In 1984, the kid release his first single, "I Need a Beat": composed of skeletal music and tight rapping, the single made its way and became extremely popular, selling 100,000 physical copies, convincing LL Cool J to continue his path as a young and talented emerging rapper and strengthening the status of Def Jam. The young artist leaves school to record his debut studio album, which also coincides with the first for the label, and participates in the hip-hop movie "Krush Groove" (1985).

From a musical point of view, the record presents a minimalist production par excellence, skeletal and very aggressive, provided by Rick Rubin with scratching and few samples to support the powerful and rough rap executed by the rapper. The lyricism covers several themes and is focused around the lifestyles of youth, braggadocious and cheerful verses, delivered with a confident, boldly, hardcore style of rapping, full of charisma. Even the two ballads ("I Can Give You More" and "I Want You") don't sound like ballads.

Released at the end of the year 1985 by Def Jam and distributed by Columbia, "Radio" sells half a million of physical copies in five months, an absolutely exorbitant and astonishing result for a rap album of the time. It reach the box number #46 in the Billboard 200, sixth among the rnb albums. In April 1988, is certified platinum by RIAA, and allows a wider commercial opening for the hip-hop genre. Critics of different musical genres join in praising the project. Thanks to the success of the record and of the single "I Need a Beat", LL Cool J becomes one of the first hip-hop artists to attract the attention of the mainstream public, along with Run-DMC and Kurtis Blow. Few months later, the rapper joins the Raising Hell tour, opening for Run-DMC and Beastie Boys.

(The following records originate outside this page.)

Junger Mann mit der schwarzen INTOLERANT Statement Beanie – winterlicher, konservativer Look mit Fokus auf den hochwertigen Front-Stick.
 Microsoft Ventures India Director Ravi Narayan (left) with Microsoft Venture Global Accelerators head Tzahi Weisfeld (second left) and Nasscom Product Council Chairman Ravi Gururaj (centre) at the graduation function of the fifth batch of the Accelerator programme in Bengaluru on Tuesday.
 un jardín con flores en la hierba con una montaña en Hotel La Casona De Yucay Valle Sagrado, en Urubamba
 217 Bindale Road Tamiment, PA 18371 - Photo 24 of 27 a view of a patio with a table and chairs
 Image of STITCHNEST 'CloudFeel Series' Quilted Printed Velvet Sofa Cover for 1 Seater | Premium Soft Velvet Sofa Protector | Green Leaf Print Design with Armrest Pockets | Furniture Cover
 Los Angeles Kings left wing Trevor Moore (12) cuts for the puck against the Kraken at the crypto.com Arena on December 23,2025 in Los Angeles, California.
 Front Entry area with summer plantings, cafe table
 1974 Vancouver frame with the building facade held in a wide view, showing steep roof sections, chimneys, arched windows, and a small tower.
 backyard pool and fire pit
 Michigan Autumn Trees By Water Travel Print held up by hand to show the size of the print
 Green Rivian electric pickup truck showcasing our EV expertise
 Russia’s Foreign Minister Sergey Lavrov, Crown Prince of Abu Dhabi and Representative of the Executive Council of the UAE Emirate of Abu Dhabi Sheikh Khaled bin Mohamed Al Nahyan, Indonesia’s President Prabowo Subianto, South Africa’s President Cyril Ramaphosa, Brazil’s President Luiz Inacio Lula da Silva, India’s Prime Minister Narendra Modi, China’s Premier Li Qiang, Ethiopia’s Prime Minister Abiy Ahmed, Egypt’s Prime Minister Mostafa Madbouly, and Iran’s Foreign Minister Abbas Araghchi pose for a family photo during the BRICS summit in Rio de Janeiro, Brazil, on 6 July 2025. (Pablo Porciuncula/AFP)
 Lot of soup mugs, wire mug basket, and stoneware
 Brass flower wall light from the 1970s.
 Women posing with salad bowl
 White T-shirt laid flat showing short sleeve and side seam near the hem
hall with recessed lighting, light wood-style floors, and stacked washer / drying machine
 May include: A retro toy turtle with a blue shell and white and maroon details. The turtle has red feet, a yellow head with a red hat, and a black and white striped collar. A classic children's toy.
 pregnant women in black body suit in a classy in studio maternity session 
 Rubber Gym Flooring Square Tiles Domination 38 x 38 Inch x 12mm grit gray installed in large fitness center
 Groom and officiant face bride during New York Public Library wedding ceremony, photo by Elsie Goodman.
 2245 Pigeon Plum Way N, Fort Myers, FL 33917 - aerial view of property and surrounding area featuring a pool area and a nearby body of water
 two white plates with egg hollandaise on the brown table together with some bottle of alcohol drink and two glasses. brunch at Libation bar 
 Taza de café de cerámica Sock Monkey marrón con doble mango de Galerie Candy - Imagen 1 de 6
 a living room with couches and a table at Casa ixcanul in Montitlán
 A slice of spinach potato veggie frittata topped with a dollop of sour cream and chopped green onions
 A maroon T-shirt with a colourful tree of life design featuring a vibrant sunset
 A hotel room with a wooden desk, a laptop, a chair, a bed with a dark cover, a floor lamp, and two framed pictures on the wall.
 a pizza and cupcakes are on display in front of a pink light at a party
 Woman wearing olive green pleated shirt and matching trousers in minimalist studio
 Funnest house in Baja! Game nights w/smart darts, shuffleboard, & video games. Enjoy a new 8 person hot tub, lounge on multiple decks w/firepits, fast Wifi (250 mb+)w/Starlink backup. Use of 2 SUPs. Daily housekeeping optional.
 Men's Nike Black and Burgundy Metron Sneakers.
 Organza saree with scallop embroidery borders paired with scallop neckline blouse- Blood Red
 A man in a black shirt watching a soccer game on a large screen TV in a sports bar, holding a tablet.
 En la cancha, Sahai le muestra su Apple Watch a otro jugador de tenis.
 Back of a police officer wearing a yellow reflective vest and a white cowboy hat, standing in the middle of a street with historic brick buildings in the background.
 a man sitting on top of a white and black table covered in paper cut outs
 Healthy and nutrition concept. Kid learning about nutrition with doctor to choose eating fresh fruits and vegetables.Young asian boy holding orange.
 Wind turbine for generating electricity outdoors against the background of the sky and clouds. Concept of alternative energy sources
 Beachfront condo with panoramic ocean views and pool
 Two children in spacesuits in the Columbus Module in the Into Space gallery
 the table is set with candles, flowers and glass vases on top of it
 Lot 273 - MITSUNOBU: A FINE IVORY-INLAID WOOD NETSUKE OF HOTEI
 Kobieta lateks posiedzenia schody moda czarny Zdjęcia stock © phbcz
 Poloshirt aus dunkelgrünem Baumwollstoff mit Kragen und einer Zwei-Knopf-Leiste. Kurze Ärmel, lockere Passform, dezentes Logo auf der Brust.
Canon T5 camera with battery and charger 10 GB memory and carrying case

He's also the first hip-hop artist to participate to American Bandstand.

The disk is considered by critics as part of a trinity of albums produced by Rick Rubin, with "Raising Hell" (1986, Run-DMC) and "Licensed to Ill" (1986, Beastie Boys), from artists of New York City and that become some of the most important and top products in the hip-hop scene of the eighties, helping to cement Rick Rubin as one of the best hip-hop producers on the circuit and giving a precise form to the music that he proposes in these records, and which will inevitably influence the hip-hop production of all other artists in the following years. The effort, that reflects the new school and ghetto blaster culture son of Run-DMC influence, is hailed as a hip-hop classic album, one of the greatest of the eighties and the inaugural one of the so-called golden age of hip-hop, effectively putting an end to old school and disco rap, both represented by Sugar Hill Records, which would go bankrupt within a few years after being one of the many labels contacted by LL to reject his demo.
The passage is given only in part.